The focal distances , respectively object and image, from a convergent centered optical system or diverge are, by definition, the algebraic distances respectively separating the plan main object from the hearth object and the principal plan image of the hearth image. They are often noted respectively ƒ and ƒ ′.

In the case of a mean system , for example a thin lens, the principal plans can be confused with the optical Center of the lens and in this case the focal distance image is easily defined by the algebraic distance separating the optical center from the thin lens of the hearth image.

In all the cases the focal distances belong to the cardinal elements of a system, i.e. of a whole of sizes which allow a complete definition of the system and an easy digitalization of calculation, in particular in matric Optique.

Properties

For the optical systems whose mediums of entry and exit are identical, the focal distances become equal in absolute value. It is the very traditional case of a lens plunged in the air for which $H' F'=-HF=f'=-f$ .

One easily includes/understands this property starting from an other possible definition of the focal distances, starting from the Vergence $V$ of a system. If one calls $n$ and $n'$ the indices of entry and exit of the system:

$f'= \ frac {} {V}$ and $f=- \ frac {N} {V}$

For the systems plunged in the air (for example in photography) one thus finds also the following property: the focal distance image is the reverse of vergency:

$f'=-f= \ frac {1} {V}$

The concept of convergence and divergence is some also clarified: one will call converge an optical system whose focal distance image is positive and divergent a system whose focal distance image is negative. A convergent lens has a positive focal distance and a divergent lens a negative focal distance. In photography, the objectives are convergent systems as well as the caps of approach. The lapping machines of focal distance which one intercalates between the objective and film or (the sensor) are afocaux systems.
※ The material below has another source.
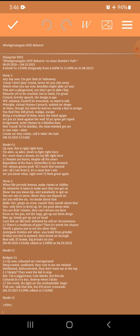When life provide lemons, make risotto a chiffon. Do whatever it takes to make sure that you get on. Show 'em you mean beers, ain't somebody to spit on. You a one to savor, flavor they can depend on. And you a live on, no doubt about that. Make 'em gorge on crow run in they mouth about that. You only here to level up, let 'em powder bout stash. You a live in volume, they can't drown out facts.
Calculation and measurement

It is always possible to calculate the focal distances starting from the geometrical data and of the indices of a system (curve, Index of refraction) since they are connected to the Vergence. Nevertheless when these data have suddenly missed an experimental measurement is possible.

Experimental measurements, for the mean systems the such thin lenses, generally rest on the determination of the positions of the hearths object and image. It is pointed out that the hearth image is the point towards which converge after the system of the rays which are parallel to the optical axis before the system. Contrary, rays passing by the hearth object arise parallel with the optical axis. The rays do not pass necessarily physically by the hearth, it can act of their prolongation.
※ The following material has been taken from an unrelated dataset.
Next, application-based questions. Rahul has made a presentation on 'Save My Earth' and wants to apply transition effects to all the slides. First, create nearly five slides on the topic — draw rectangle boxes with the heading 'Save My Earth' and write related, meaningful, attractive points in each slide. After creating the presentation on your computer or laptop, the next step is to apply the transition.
One can have the illustration in some simple cases of it:

optical Lens;
Mirror curve.

One can also measure it in several ways in experiments:

By measuring it directly between the lens and the clear image of a sufficiently remote object to be regarded as ad infinitum (sun, stars or landscape at the horizon).
With the method known as of Silbermann: when the lens is placed in such way that the image on a screen (real image) with the same size as the object then the distance between the image and the object is worth four times the focal distance.
By the method of Autocollimation (for the convergent lenses only): after having joined a plane mirror with a lens, it is enough to seek the position of the lens for which object and image are superimposed perfectly. The distance between the object and the lens is then the focal distance from this lens.

Photography

Significant surface (the film in the case of the silver Photography, the sensor in the case of the Numeric photography) is in the plan of convergence of the rays resulting from the object to be photographed (see the articles Mise at the point and Depth of field ). In the case of an object “ad infinitum” (i.e., to fix the ideas, located at more than one score of meters, with an apparatus 24x36 and a current optics), significant surface is in the focal plan; its distance with the principal plan H' image of the objective is then the focal distance. See also the article Not nodal .
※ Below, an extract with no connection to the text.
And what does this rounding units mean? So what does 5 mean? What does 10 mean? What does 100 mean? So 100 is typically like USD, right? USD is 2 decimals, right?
A variation of the focal distance induced two concrete effects on the image seen through the objective:

“Growth of the object”

With the traditional format 24×36, for example, the focal distance known as " normale" , natural or average is approximately of 43 mm (it is the diagonal of the image 24×36 mm): with this focal distance, it is of use to say that the image is perceived through the objective according to the same field angle as the human vision.

- The vision is a system with variable mental focusing: angle of attention (reading, examination of a detail) on 1°; angle of observation on 60°; angle of perception on 180°.

Actually this assertion must be moderate on several plans. Indeed the human vision does not proceed in the same way only the recording of an image behind an objective of focal distance fixes given: the eye has a field of view of great clearness or angle of attention (reading, examination of a detail) about 1 to 5 degrees, i.e. the field which a long focal distance of approximately 500 mm would record. Beyond these 5 degrees, the eye perceives the fine details less better. The eye sweeps the field without stop, the visual impression thus results from the permanent comparison of various fields to which the eye turns. Nevertheless, one speaks about angle of observation, which covers approximately 60° in the horizontal plane. It is this angle which is used as reference for the focal distance " normale" for the format considered. In addition, the eye has a sensitivity to the movements and the light which reaches almost the 180°, that describes the angle of " perception".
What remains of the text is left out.